The data below should be printed in full, exactly, and without any of its images.
Collected data Start Marker
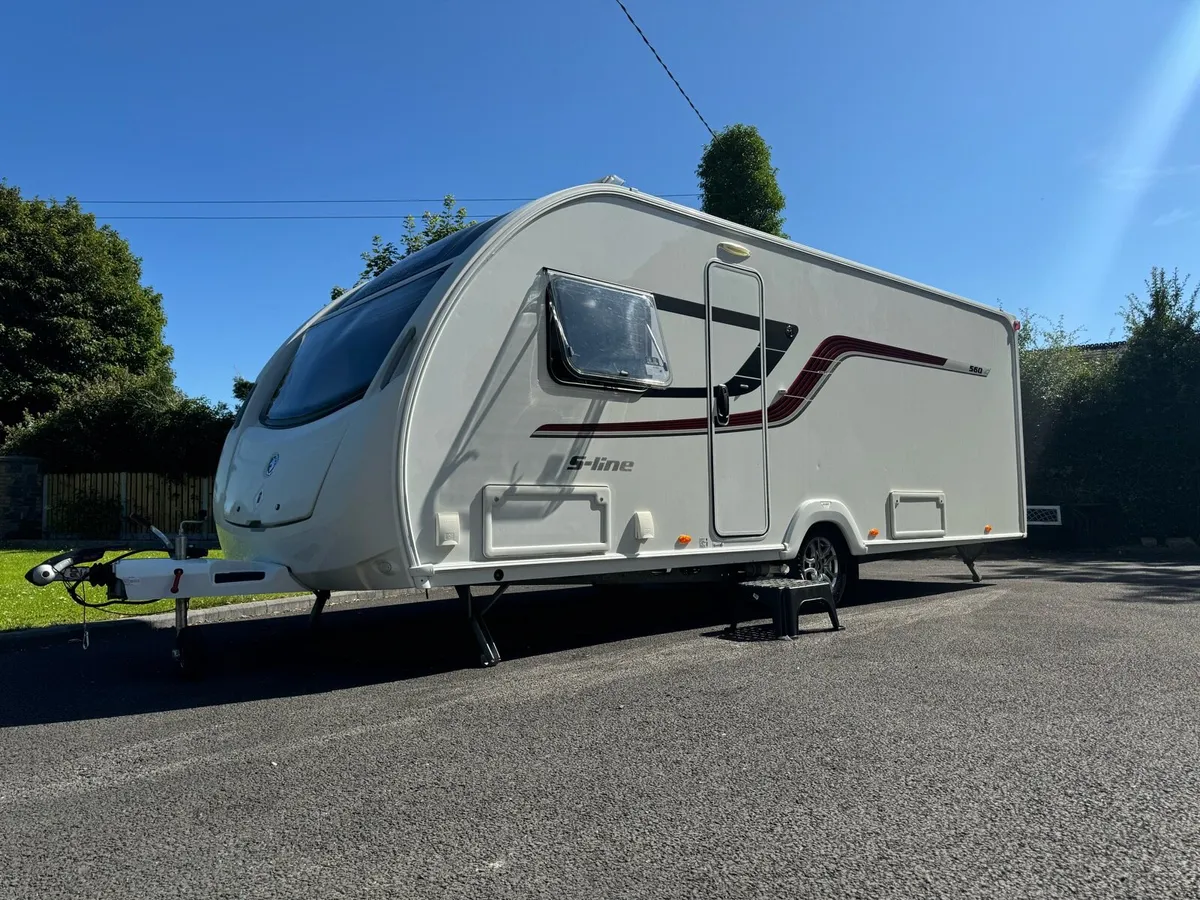 2015 Swift S-Line M-Movers Air Awning Island Bed. - Image 3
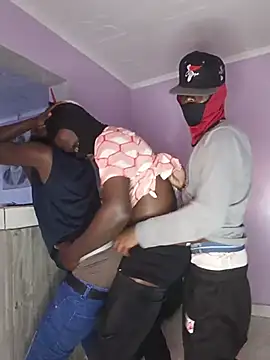 Bantanaboy3 Webcam-Show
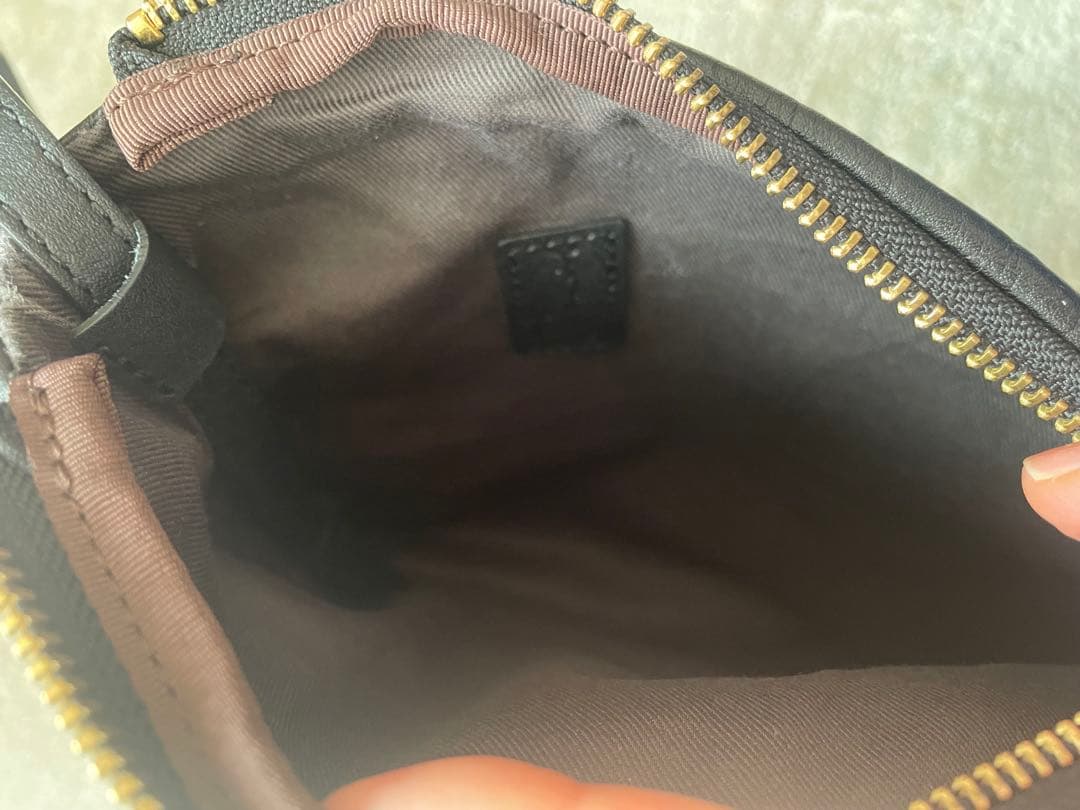 ワンハンドルバッグ　黒　牛革　日本製　ジェメイル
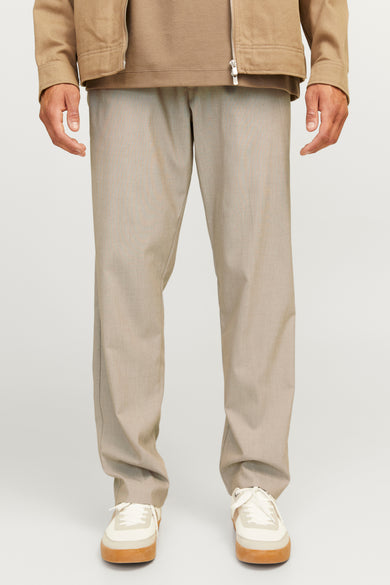 Ecru broek van JACK & JONES JEANS INTELLIGENCE, met losse pasvorm, gecombineerd met crèmekleurige sneakers.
Collected data End Marker
**Response below**
 2015 Swift S-Line M-Movers Air Awning Island Bed. - Image 3
 Bantanaboy3 Webcam-Show
 ワンハンドルバッグ　黒　牛革　日本製　ジェメイル
 Ecru broek van JACK & JONES JEANS INTELLIGENCE, met losse pasvorm, gecombineerd met crèmekleurige sneakers.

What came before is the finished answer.